What a picture of the influence of tools upon civilization! It is through the use of tools that man has reached the place of absolute supremacy among animals. As he increases his stock of tools he recedes from the state of savagery. The great gulf between the aboriginal savage and the civilized man is spanned by the seven hand-tools—the axe, the saw, the plane, the hammer, the square, the chisel, and the file. These are the universal tools of the arts, and the modern machine-shop is an aggregation of them rendered automatic and driven by steam.

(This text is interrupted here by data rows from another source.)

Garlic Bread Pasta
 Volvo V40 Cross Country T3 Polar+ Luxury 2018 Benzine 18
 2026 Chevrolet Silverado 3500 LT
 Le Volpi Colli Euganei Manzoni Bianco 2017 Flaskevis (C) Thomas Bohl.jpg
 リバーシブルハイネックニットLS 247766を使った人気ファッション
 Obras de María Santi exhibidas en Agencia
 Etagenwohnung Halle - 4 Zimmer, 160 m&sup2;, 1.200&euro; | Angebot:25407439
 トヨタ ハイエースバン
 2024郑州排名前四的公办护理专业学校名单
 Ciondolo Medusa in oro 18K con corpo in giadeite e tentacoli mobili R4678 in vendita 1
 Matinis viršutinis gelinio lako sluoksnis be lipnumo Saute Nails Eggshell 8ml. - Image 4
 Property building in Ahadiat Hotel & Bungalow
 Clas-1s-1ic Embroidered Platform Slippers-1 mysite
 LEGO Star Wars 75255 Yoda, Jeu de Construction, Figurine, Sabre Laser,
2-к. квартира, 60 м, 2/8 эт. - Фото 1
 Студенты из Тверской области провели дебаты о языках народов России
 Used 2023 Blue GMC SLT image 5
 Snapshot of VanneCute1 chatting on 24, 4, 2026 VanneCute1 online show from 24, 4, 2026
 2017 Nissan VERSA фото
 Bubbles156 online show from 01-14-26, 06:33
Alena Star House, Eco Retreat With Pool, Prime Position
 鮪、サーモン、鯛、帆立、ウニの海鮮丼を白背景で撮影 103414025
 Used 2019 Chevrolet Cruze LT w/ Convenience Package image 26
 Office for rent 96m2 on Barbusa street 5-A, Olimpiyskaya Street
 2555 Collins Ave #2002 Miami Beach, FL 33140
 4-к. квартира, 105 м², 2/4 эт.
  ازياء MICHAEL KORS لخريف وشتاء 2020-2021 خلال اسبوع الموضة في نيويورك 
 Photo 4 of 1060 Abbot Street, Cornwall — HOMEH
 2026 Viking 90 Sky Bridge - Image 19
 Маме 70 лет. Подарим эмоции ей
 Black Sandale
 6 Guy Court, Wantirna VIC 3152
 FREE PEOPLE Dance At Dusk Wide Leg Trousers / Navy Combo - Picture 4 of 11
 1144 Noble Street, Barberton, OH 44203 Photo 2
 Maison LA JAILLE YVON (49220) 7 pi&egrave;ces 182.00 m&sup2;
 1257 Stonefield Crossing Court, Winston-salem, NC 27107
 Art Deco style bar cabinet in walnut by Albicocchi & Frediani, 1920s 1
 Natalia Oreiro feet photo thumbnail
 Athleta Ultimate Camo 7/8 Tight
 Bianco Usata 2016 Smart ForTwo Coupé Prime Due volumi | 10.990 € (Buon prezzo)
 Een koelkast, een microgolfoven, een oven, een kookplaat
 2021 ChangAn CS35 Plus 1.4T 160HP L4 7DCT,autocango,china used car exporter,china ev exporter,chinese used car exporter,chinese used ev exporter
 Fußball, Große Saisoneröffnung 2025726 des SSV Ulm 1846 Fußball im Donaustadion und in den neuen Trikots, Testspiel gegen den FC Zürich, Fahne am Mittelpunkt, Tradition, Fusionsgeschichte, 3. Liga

The ancients constructed automata which were exceedingly ingenious. In the statues that could walk and talk, the Chinese puppets and the marionettes of the Greeks there was a hint of the modern automatic tools, which, driven by steam, fashion with equal accuracy the delicate parts of the watch and the huge segments of the marine engine. The ancients knew more of science than of art. They were familiar with the power of steam, but knew not how to apply it to the wants of man. They knew that steam would turn a spit, but they had not a sufficient knowledge of art to convert the power they had discovered into a monster of force, and train it to bear the burdens of commerce. They never thought to apply the jet of steam used to turn a spit to great automatic machines, and to fit into them saws and files, and needles and drills, and gimlets and planes, and compel them to do the work of thousands of men. But this is precisely what the modern mechanic has accomplished. In making a slave of steam, science and art have combined to free mankind.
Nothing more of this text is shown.